Sulla rotta del Dragone: "Senza soldi né telefoni. Che meraviglia ritornare primitivi"

Non è che Pechino sia molto popolare oggi, ma qui comunque resta solo nel titolo. La nuova edizione di Pechino Express parte domani con una compagnia assai variegata. In ordine di apparizione: I Caressa (Fabio, e la figlia avuta con Benedetta Parodi, Eleonora); I Pasticcieri (Damiano e Massimiliano Carrara, titolari di due pasticcerie in California, Damiano volto noto di vari programmi di Real Time); I Fratm (Artem e Antonio Orefice, di Mare fuori); I Romagnoli (Paolo Cevoli e la moglie Elisabetta Garuffi); I Brillanti (Nancy Brilli e Pierluigi Iorio); I Giganti (Kristian Ghedina e Francesca Piccinini); Le Amiche (Maddalena Corvaglia e Barbara Petrillo – varie trasmissioni tra cui Paperissima); Italia Argentina (Estefania Bernal – modella, Isola dei famosi e Antonella Fiordalesi – campionessa di scherma). Conduce ovviamente Costantino della Gherardesca con l’inviato Fru dei The Jackal, già concorrente – con Aurora Leone nella coppia degli Sciacalli – di Pechino Express 2022.

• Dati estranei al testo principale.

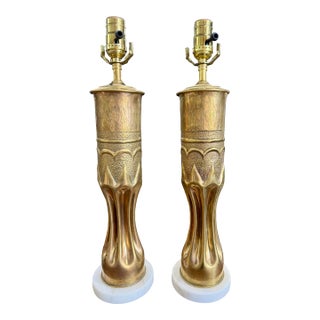 Early 20th Century French Wwi Trench Art Brass Artillery Shell Lamps With Italian Marble Bases - a Pair For Sale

Il convoglio parte domani alle 21,15 su Sky e Now Tv, destinazione Vietnam, Laos e Sri Lanka, la Rotta del Dragone. I sopravvissuti (la serie di 10 puntate è già stata tutta registrata) sono apparsi provati ma soddisfatti. "La scoperta di un mondo sconosciuto me l’aspettavo", ha sinceramente confessato Nancy Brilli, "ma non pensavo sarebbe stato così faticoso". I Pasticcieri: "Quando entri nelle case delle persone chiedi tutto a chi non ha niente. Così ci siamo messi a disposizione, abbiamo lavato i piatti, spazzato i pavimenti e anche cucinato". Paolo Cevoli, romagnolo doc, ha lanciato un ponte tra la sua terra e l’estremo oriente: "Da noi c’è un turismo umano, la gente viene perché ci siamo noi romagnoli, e turismo umano è stato anche questo viaggio. Lì non hai niente, diventi un mendicante e devi chiedere tutto. Torni a uno stato primitivo".

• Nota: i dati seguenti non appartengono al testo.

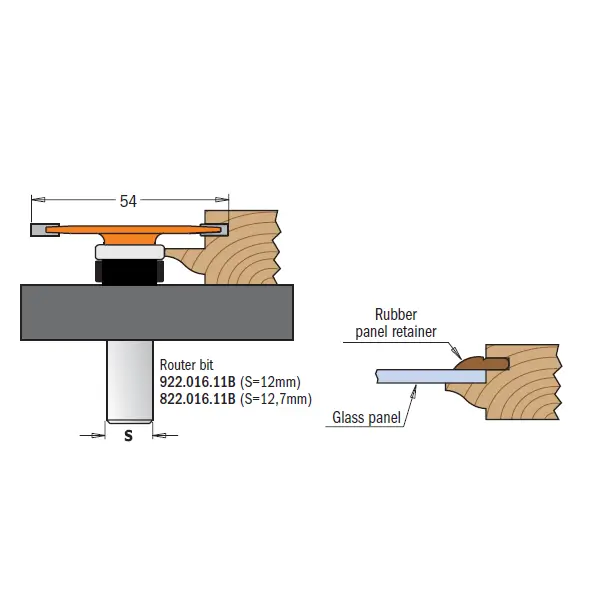 Dimensiuni set 3 freze geam CMT Dimensiuni set 3 freze geam CMT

Il ritorno a uno stato primigenio è anche ciò che è piaciuto di più al campione di sci Kristian Ghedina: "È stato bellissimo stare senza telefono, e senza orologio. A svegliarti ci pensava il gallo. Siamo tornati indietro di cento anni, come vivevano i nostri avi". Un’altra sportiva, la schermitrice (e influencer e modella) Antonella Fiordalesi, concorda: "Quando sono tornata non mi lamentavo più dei piccoli inconvenienti della vita. Prima un’unghia spezzata diventava un dramma".

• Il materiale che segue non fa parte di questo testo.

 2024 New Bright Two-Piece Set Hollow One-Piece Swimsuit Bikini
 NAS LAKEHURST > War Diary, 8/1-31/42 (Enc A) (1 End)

A proposito di ritorni, dopo l’esperienza di PE è cambiato il loro modo di viaggiare? Nancy Brilli è categorica: "Viaggio come viaggiavo prima". Mentre Cevoli ammette il mutamento: "Oggi viaggio con lo zaino, e anche per andare da Rimini a Riccione faccio l’autostop". Domandona finale: come vi ha cambiato l’esperienza a PE? Nancy Brilli: "Quando non lavoro io sono tendenzialmente pigra, Non ho voglia di fare niente, solo lasciarmi massaggiare. Con Pechino Express non è accaduto, ho ritrovato la mia energia vitale che avevo un po’ perso per strada. Avrei solo voluto dormire in modo un po’ più comodo. Non mi è mancato il cellulare. Mi è invece mancata moltissimo la macchina fotografica del telefonino. E mi è mancato molto mio figlio: avrei voluto raccontargli immediatamente tutto".

Il maestro di cerimonie Costantino Della Gherardesca offre un po’ di filosofia di viaggio: "L’edizione di quest’anno coglie lo spirito del tempo, questo è il secolo asiatico. Per i concorrenti Pechino Express è stata una grande occasione per togliersi la maschera sociale che spesso siamo obbligati a indossare. È stato come levarsi un grosso peso". Viaggiare leggeri è molto più comodo.